:: YOUR INSTRUCTIONS ::
Set down again exactly the lines of the listing below that fall between the line holding "22 (14,5 см) Легкі кросівки для дівчинки" and the line holding "11825 Farnham Woods Dr, Midlothian, VA 23112", inclusive.

:: DATA EXTRACTS ::
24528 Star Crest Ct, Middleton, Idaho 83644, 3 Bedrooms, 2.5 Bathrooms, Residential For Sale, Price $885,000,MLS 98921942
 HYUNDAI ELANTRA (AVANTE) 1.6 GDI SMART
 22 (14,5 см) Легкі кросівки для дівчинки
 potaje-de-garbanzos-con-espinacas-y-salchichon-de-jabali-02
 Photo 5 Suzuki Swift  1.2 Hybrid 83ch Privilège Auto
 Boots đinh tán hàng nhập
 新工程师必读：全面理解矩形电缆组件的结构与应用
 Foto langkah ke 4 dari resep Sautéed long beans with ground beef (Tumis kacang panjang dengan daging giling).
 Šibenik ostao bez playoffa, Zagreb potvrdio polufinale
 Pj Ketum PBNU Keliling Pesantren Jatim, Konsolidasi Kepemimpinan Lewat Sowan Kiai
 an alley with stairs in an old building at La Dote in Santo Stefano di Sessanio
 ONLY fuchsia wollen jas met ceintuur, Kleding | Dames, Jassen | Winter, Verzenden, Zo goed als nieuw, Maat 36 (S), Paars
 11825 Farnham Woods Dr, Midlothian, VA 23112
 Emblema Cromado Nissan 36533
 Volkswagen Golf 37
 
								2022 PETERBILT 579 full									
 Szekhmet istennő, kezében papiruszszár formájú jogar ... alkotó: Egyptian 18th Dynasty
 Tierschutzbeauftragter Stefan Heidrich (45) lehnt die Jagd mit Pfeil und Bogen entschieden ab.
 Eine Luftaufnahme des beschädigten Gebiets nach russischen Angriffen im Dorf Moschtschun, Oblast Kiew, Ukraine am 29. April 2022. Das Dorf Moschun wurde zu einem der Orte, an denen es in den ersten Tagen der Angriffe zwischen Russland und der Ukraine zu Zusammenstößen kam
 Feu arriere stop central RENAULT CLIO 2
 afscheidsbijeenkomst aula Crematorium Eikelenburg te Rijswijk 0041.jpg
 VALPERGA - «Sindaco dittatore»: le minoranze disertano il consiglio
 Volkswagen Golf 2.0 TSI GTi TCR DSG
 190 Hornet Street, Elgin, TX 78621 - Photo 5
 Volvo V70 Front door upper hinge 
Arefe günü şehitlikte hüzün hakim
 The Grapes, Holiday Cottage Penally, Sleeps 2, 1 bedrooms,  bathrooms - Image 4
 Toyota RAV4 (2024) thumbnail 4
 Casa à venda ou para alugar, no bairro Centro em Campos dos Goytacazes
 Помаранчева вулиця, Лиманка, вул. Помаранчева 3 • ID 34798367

:: RESPONSE TO THE TASK ::
 22 (14,5 см) Легкі кросівки для дівчинки
 potaje-de-garbanzos-con-espinacas-y-salchichon-de-jabali-02
 Photo 5 Suzuki Swift  1.2 Hybrid 83ch Privilège Auto
 Boots đinh tán hàng nhập
 新工程师必读：全面理解矩形电缆组件的结构与应用
 Foto langkah ke 4 dari resep Sautéed long beans with ground beef (Tumis kacang panjang dengan daging giling).
 Šibenik ostao bez playoffa, Zagreb potvrdio polufinale
 Pj Ketum PBNU Keliling Pesantren Jatim, Konsolidasi Kepemimpinan Lewat Sowan Kiai
 an alley with stairs in an old building at La Dote in Santo Stefano di Sessanio
 ONLY fuchsia wollen jas met ceintuur, Kleding | Dames, Jassen | Winter, Verzenden, Zo goed als nieuw, Maat 36 (S), Paars
 11825 Farnham Woods Dr, Midlothian, VA 23112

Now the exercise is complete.